Efficient interpolation-based and terrain-adaptive hierarchical filter for ultra-large-scale point cloud over complex landscapes

Abstract

Complex landscapes, typically characterized by ​outliers, objects with diverse structures, vegetation on steep slopes, and terrain discontinuities, pose significant challenges ​to traditional filtering methods, especially when processing ​ultra-large-scale point clouds. To address these challenges, this paper proposes an efficient ​interpolation-based and terrain-adaptive hierarchical filtering method. Specifically, a hybrid algorithm ​combining a moving-window detector with robust surface fitting is developed to ​optimize the selection of initial ground seeds.
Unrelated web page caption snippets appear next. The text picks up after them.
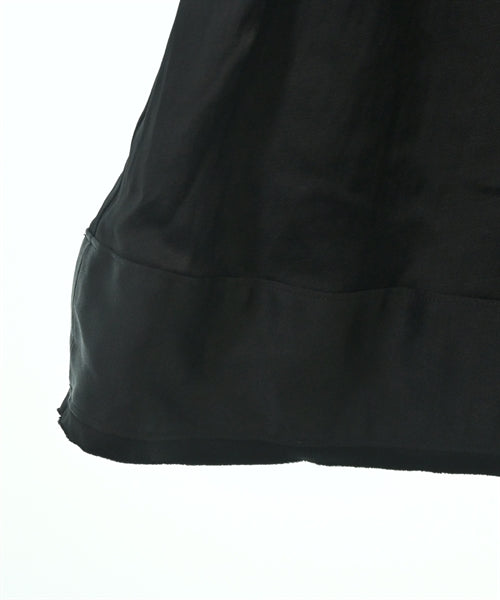 10CROSBY DEREK LAM ชุดเดรส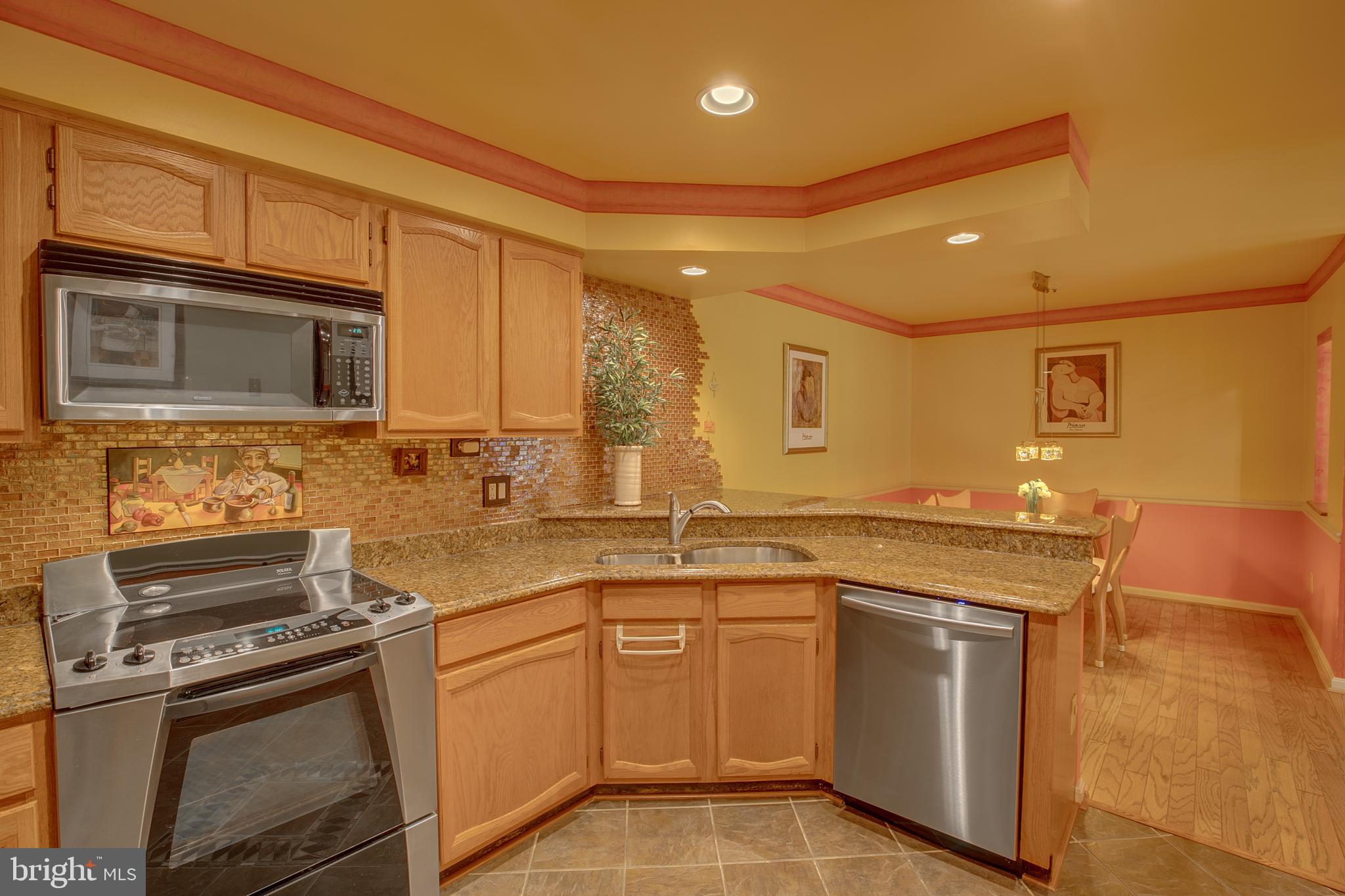 2707 Summerview Way, Unit 7302 Annapolis, MD 21401 - Photo 10 of 25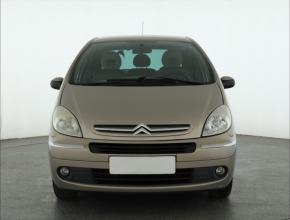 Citroen Xsara Picasso  1.8 16V 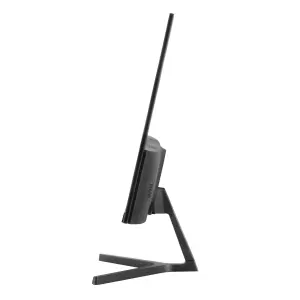 Монитор 2E D2425B 23.8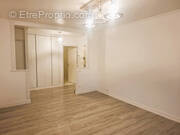 Appartement à BLOIS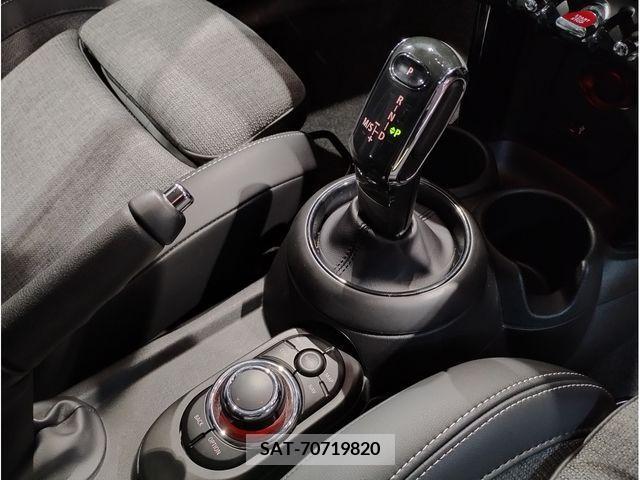 Bmw MINI 2021-08 207525-10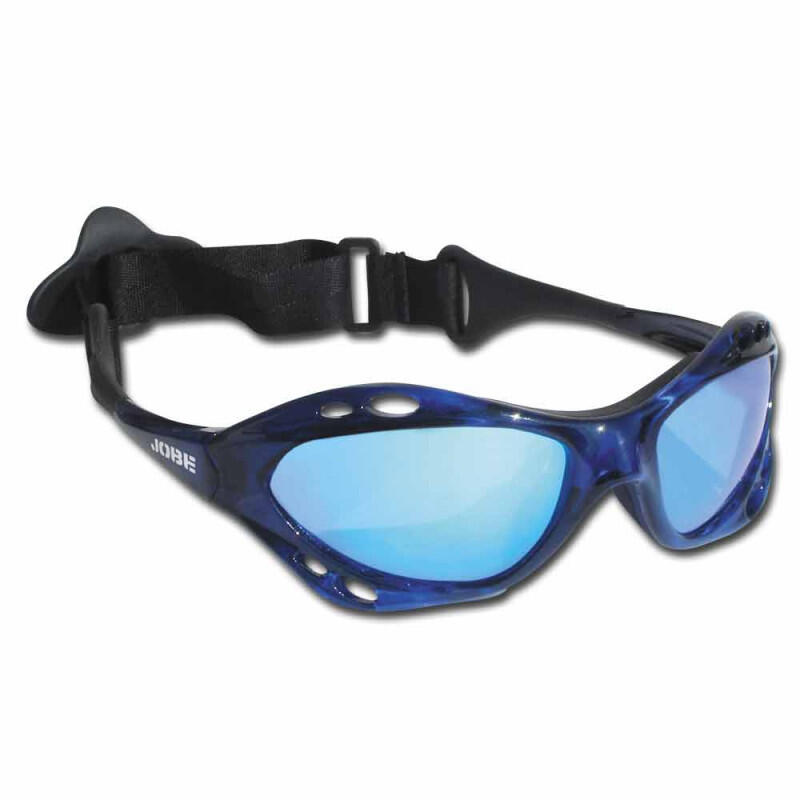 Pływające gogle Jobe Sports Knox
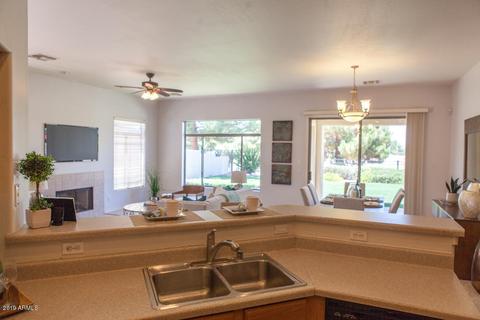 3828 E Carson Rd, Phoenix, AZ 85042 photo 10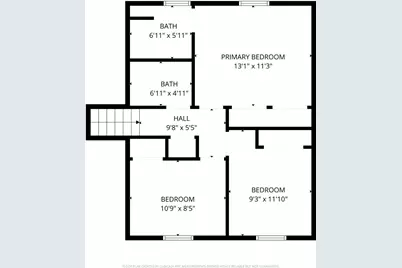 630 Terrace View Drive, Union Township, OH 45255 - Photo 34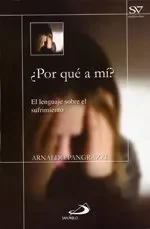 ¿Por qué a mi ?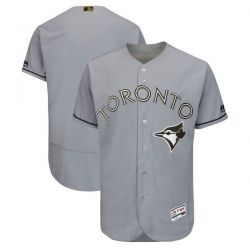 Cheap Blue Jays Blank Jersey From China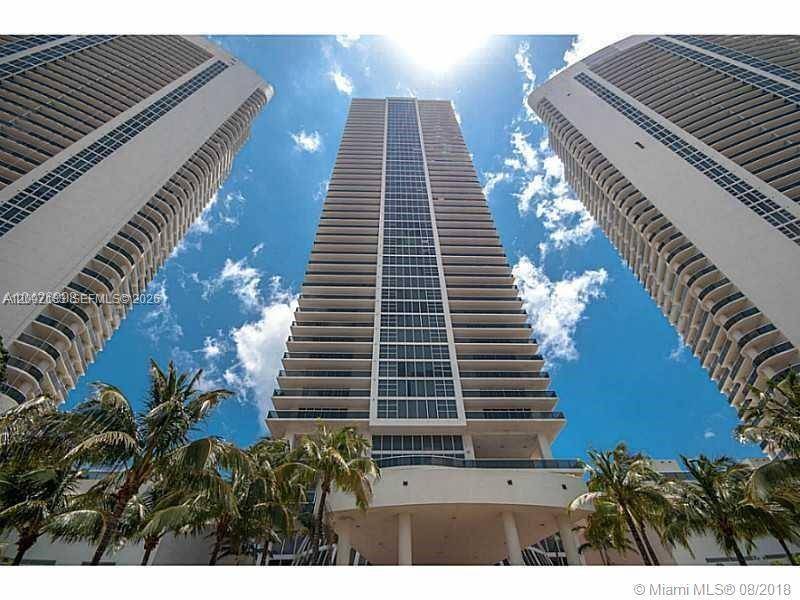 1830 S Ocean DrHallandale Beach - BEACH CLUB TWO CONDO condo unit 1705 - picture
Subsequently, a ​weighted finite-difference-based Thin Plate Spline (TPS) method is introduced to generate reference ground surfaces, ​thereby improving computational efficiency and ​mitigating the impact of misclassified object points. Finally, a ​terrain-adaptive filtering threshold incorporating different orders of terrain roughness is designed to accurately extract ground points near terrain discontinuities. To evaluate the proposed method, extensive experiments were conducted on ​the ISPRS benchmark samples and ​the ultra-large-scale OpenGF dataset. Results demonstrate that our method achieves an average Kappa coefficient of 92.3% across all 15 ISPRS samples, ​outperforming 24 state-of-the-art filtering methods published since 2010. On the OpenGF dataset, the proposed method ​surpasses five classical filters, reducing the average total error by 34.1%–77.4% and improving the average Kappa coefficient by 2.8%–21.7%. Overall, this framework provides a robust solution for filtering ultra-large-scale point clouds in complex landscapes.